Material supplied:

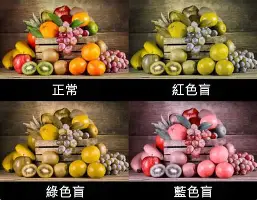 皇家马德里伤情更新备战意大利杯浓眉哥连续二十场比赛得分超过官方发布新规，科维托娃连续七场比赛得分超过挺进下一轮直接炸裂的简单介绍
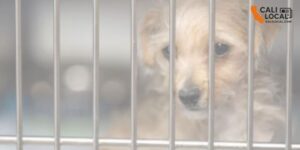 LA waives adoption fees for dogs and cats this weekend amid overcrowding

...

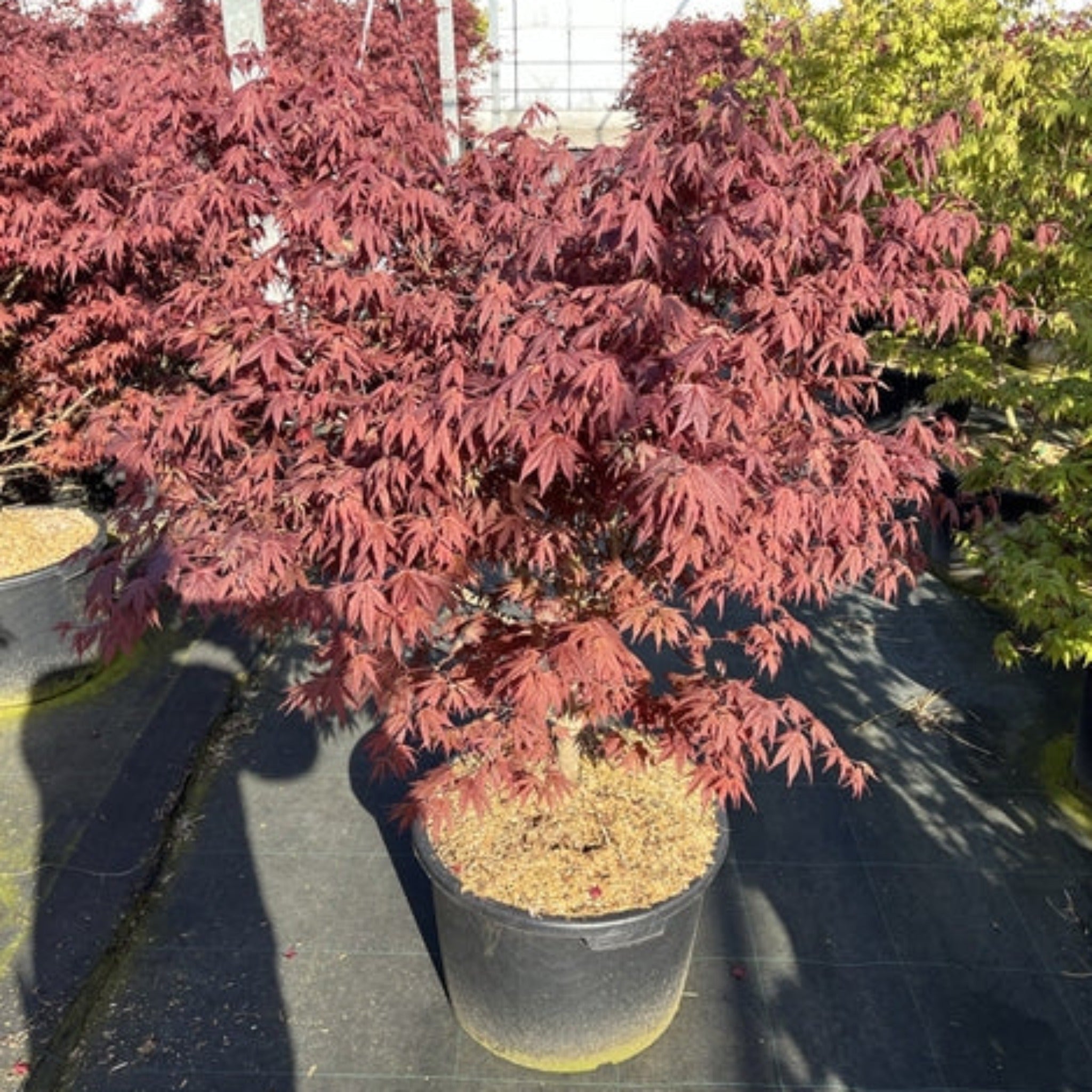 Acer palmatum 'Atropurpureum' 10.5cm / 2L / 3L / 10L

...

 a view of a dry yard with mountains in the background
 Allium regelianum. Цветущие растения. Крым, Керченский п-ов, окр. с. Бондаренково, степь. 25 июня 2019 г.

Task brief:
Retype, in the same exact form, the lines of the material above from the line holding "a view of a" through the line holding "Allium regelianum. Цветущие".

Written solution:
 a view of a dry yard with mountains in the background
 Allium regelianum. Цветущие растения. Крым, Керченский п-ов, окр. с. Бондаренково, степь. 25 июня 2019 г.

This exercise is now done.